Die 16. Ausgabe des Festivals fand in Frankfurt und Offenbach statt, – initiiert und realisiert von den drei Frankfurter Kulturinstitutionen Künstler:innenhaus Mousonturm, Museum Angewandte Kunst und Schauspiel Frankfurt, – sowie dem Amt für Kulturmanagement der Stadt Offenbach als assoziiertem Partner. Die Programmdirektorin und japanische Festivalmacherin Chiaki Soma reagierte mit ihrem kuratorischen Konzept auf die aktuellen Geschehnisse in Europa und der Welt.

Premieren, Gastspiele, innovative, experimentelle, kleine feine, große laute, nachdenkliche, aufwühlende Bilder und Erlebnisse wurden mit Theater der Welt 2023 nach Offenbach und Frankfurt gebracht. Partizipative Stadtprojekte mit Beteiligten aus Frankfurt und Offenbach sorgten für eine Verbindung der besonderen Art zwischen den beiden Städten, den Mitwirkenden und den Zuschauenden.
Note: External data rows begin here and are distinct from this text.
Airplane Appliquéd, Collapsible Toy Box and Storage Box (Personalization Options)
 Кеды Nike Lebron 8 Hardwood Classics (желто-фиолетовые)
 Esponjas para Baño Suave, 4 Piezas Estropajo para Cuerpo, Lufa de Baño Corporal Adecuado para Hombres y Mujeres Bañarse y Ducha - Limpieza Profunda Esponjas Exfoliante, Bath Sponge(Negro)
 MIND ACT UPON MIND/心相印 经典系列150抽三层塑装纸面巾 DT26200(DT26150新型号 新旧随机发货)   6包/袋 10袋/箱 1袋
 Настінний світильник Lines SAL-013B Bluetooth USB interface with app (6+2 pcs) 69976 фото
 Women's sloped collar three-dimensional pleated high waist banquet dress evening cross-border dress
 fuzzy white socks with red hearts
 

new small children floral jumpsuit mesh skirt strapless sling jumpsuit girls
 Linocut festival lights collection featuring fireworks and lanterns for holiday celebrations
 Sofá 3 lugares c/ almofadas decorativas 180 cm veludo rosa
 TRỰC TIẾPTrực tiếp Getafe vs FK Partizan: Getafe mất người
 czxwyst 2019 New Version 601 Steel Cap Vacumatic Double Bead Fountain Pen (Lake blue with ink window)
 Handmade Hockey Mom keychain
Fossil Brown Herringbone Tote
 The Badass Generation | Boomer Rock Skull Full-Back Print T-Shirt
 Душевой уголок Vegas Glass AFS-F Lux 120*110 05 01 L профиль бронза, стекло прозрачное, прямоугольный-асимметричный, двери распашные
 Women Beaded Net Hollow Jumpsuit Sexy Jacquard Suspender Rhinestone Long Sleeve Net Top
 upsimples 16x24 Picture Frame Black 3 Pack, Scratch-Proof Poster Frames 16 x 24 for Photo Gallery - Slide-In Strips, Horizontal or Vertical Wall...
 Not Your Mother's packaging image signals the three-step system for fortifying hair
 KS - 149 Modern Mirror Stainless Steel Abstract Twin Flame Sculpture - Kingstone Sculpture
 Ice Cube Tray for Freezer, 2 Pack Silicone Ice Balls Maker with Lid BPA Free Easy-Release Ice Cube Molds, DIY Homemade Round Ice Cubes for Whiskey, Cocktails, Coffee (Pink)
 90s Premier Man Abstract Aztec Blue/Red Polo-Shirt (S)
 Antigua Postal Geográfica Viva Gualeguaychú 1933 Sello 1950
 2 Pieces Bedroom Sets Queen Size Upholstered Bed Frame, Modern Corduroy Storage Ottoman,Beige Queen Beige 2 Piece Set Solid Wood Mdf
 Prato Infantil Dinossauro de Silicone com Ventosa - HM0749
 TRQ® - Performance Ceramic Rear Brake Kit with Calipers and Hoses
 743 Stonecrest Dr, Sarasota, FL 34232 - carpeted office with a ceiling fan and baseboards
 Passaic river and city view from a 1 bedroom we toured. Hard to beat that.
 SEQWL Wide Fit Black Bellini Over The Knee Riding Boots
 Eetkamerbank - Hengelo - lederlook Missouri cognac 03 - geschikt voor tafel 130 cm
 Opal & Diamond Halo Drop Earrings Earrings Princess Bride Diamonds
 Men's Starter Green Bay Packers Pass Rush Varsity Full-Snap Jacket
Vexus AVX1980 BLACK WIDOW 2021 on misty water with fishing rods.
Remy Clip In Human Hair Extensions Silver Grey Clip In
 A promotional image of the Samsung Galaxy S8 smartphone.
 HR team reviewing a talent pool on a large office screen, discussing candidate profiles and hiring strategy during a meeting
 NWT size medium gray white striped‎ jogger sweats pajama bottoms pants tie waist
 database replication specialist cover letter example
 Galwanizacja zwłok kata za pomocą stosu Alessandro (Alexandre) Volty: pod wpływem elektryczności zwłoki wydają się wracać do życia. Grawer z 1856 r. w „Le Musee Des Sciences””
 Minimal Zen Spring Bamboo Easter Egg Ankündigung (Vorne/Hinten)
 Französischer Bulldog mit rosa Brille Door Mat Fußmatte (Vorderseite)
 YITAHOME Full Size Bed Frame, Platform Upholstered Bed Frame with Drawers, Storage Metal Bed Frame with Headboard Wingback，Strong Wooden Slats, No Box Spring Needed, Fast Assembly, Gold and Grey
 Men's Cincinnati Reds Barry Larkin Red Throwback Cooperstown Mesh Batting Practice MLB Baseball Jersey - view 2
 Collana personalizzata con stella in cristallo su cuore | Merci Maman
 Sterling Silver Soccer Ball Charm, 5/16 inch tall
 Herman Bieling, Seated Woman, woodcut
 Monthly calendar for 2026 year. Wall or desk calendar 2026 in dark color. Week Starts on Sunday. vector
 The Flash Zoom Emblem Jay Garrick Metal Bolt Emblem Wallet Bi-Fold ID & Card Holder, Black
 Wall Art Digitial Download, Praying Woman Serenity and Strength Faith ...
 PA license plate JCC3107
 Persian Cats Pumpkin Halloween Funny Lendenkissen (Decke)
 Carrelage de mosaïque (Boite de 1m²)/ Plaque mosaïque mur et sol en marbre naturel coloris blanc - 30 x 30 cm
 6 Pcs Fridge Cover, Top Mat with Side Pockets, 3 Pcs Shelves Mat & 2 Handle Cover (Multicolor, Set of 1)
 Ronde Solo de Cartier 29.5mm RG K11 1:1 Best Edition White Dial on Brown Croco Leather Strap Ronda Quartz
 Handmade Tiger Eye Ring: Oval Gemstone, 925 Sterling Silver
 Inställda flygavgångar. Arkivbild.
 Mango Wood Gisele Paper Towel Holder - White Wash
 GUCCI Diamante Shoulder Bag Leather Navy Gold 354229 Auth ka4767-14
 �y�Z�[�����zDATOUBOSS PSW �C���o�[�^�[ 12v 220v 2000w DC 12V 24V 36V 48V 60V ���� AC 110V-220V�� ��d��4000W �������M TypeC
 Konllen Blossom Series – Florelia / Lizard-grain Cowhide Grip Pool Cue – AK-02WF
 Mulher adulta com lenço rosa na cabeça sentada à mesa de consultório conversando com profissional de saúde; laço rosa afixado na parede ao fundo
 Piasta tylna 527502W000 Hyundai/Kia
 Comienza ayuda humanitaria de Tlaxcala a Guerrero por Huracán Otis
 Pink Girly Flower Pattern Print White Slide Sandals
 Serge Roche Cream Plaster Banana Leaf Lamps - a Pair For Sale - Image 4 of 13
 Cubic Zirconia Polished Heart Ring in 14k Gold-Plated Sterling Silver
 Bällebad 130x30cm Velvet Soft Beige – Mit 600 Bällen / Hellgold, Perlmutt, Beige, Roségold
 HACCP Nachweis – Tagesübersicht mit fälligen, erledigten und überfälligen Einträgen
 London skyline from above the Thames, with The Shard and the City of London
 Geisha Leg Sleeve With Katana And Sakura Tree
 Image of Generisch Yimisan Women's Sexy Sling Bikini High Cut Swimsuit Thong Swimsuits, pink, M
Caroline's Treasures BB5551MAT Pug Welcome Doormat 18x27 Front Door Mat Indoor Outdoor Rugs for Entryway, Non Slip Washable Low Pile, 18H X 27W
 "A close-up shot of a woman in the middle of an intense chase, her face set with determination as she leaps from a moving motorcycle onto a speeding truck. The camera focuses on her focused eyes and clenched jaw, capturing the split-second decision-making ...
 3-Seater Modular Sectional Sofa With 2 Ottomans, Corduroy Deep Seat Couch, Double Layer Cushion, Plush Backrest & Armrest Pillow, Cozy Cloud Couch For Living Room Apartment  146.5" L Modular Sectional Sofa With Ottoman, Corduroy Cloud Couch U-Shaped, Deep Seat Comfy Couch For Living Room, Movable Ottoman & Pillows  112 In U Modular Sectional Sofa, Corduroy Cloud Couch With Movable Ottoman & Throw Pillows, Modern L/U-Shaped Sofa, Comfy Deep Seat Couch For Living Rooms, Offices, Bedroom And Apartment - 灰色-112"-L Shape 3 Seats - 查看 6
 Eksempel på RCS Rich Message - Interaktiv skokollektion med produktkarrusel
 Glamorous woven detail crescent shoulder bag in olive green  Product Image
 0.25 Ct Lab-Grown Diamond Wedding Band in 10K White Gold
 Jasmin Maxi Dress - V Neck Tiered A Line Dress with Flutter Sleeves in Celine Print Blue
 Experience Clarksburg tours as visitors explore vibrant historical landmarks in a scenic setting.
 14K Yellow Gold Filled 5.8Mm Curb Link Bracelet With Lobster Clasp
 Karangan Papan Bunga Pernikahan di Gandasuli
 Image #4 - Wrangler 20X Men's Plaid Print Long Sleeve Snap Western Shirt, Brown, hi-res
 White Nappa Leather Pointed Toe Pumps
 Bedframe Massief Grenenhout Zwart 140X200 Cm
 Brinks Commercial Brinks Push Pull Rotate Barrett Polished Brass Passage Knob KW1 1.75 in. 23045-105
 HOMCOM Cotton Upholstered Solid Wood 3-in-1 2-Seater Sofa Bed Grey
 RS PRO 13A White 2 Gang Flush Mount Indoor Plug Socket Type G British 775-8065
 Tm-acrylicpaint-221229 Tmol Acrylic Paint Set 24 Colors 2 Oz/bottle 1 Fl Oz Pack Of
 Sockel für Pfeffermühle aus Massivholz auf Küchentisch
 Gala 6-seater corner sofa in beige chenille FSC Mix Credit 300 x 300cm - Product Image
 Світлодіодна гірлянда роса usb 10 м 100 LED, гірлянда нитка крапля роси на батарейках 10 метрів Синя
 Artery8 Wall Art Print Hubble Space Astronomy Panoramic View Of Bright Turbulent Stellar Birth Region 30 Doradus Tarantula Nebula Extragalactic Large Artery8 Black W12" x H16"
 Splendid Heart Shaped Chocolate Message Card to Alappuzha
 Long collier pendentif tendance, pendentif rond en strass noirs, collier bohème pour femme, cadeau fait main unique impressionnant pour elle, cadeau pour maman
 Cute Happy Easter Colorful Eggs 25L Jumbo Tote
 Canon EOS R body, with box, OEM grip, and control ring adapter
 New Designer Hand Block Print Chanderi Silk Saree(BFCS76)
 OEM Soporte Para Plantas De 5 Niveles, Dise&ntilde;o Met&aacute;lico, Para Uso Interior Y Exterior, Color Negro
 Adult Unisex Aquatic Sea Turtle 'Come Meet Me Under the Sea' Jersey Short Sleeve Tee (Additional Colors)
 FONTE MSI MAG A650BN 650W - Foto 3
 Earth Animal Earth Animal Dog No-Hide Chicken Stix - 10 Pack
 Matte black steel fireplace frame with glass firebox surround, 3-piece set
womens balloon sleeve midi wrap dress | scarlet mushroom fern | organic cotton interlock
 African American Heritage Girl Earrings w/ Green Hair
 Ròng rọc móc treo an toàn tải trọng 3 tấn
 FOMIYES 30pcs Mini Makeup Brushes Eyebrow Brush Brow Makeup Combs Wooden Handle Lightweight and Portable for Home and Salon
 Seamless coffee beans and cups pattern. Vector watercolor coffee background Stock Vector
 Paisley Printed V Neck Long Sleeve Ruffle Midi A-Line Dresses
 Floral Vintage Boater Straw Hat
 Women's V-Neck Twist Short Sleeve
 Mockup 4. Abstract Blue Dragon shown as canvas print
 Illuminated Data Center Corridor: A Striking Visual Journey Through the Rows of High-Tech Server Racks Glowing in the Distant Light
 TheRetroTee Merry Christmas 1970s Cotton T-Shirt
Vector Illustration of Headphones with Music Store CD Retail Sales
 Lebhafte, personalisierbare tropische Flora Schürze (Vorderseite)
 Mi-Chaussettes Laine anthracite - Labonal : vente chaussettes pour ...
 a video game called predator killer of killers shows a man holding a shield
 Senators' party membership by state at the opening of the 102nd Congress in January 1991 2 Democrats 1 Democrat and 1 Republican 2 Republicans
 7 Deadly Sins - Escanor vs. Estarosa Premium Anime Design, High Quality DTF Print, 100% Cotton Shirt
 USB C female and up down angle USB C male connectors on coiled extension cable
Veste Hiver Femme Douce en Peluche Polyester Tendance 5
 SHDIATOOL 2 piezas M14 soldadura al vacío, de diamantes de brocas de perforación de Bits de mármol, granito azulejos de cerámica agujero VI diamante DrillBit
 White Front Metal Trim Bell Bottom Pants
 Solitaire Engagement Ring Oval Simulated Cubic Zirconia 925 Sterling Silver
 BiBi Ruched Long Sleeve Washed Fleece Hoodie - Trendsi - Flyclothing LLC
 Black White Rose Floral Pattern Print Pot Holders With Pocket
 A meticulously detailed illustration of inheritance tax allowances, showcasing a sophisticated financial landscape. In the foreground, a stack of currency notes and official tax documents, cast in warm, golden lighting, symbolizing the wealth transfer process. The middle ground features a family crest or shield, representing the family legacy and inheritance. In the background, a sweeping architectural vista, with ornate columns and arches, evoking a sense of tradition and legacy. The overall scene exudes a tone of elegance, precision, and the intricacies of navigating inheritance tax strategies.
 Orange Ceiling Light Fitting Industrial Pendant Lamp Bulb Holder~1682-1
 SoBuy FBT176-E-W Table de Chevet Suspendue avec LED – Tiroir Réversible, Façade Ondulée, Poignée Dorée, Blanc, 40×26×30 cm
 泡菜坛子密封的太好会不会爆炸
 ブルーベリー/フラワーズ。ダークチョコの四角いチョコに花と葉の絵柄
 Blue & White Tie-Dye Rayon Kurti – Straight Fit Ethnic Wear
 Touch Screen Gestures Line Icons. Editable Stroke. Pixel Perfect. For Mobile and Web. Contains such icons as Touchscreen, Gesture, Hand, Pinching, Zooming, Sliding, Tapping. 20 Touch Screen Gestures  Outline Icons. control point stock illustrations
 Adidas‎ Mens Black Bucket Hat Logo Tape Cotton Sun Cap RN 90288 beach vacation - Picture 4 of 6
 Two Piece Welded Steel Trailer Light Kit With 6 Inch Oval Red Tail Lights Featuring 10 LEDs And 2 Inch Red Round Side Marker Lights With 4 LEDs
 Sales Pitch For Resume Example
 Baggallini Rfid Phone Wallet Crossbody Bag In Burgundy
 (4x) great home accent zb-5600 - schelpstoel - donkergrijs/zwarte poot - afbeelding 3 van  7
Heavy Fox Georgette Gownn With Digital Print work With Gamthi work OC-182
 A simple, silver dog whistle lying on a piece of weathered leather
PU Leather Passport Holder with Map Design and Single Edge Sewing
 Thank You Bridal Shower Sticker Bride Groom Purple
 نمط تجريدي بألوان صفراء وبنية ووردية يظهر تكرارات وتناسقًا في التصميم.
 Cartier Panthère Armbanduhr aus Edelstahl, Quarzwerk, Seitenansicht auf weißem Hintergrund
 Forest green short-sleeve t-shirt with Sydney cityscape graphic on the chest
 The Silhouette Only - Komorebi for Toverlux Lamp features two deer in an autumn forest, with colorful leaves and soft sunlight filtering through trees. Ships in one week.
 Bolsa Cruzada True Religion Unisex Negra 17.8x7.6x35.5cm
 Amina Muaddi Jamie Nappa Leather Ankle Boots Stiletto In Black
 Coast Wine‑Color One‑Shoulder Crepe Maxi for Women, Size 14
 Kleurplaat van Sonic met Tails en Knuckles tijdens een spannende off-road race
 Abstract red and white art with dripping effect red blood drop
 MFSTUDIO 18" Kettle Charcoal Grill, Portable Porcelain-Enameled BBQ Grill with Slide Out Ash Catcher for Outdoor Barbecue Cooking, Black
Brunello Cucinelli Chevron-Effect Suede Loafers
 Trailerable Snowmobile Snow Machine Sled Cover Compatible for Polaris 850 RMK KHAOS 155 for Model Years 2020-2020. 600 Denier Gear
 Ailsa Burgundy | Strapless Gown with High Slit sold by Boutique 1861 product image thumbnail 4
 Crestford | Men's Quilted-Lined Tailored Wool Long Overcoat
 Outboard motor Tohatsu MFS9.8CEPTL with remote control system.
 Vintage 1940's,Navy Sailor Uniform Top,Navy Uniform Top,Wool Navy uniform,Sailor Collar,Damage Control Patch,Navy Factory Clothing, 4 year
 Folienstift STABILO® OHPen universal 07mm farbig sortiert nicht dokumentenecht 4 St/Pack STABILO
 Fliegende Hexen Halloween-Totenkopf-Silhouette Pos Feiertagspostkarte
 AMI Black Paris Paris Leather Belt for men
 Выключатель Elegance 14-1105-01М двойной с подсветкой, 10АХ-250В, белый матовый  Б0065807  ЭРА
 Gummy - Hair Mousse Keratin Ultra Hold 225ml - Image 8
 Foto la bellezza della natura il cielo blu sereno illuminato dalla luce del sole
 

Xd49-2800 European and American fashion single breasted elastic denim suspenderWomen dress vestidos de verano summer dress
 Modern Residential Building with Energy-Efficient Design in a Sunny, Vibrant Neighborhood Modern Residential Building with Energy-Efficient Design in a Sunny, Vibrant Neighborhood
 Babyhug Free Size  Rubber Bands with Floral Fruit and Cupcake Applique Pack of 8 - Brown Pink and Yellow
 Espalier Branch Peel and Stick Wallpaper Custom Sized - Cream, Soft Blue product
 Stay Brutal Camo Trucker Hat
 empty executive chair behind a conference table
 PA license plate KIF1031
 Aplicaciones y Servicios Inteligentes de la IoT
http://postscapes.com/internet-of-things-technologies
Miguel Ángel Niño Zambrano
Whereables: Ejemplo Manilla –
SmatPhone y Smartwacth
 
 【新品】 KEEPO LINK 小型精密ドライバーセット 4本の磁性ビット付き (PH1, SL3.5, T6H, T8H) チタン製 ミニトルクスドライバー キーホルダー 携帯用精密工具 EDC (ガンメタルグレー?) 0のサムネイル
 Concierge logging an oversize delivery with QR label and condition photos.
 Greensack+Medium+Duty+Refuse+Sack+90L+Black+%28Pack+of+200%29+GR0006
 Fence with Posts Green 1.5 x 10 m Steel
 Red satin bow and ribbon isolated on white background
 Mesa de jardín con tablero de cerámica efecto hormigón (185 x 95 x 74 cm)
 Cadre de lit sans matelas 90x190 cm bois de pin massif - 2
Für Theater der Welt verwandelte sich das Museum Angewandte Kunst – einer der zentralen Treffpunkte des Festivals – in einen Incubation Pod, eine Art große Inkubationskapsel. Hier konnten Besucher:innen interaktive Installationen, virtuelle Realitäten, Performances, Workshops und Gespräche erleben, die die Aspekte des Begriffs Inkubationismus auf einzigartige Weise aufgegriffen und zum Nachdenken und Träumen angeregt haben. An zwei Wochenenden war das Museum bis spät in die Nacht hinein geöffnet, um einen ausgedehnten, traumwandlerischen Besuch der verschiedenen künstlerischen Welten zu ermöglichen.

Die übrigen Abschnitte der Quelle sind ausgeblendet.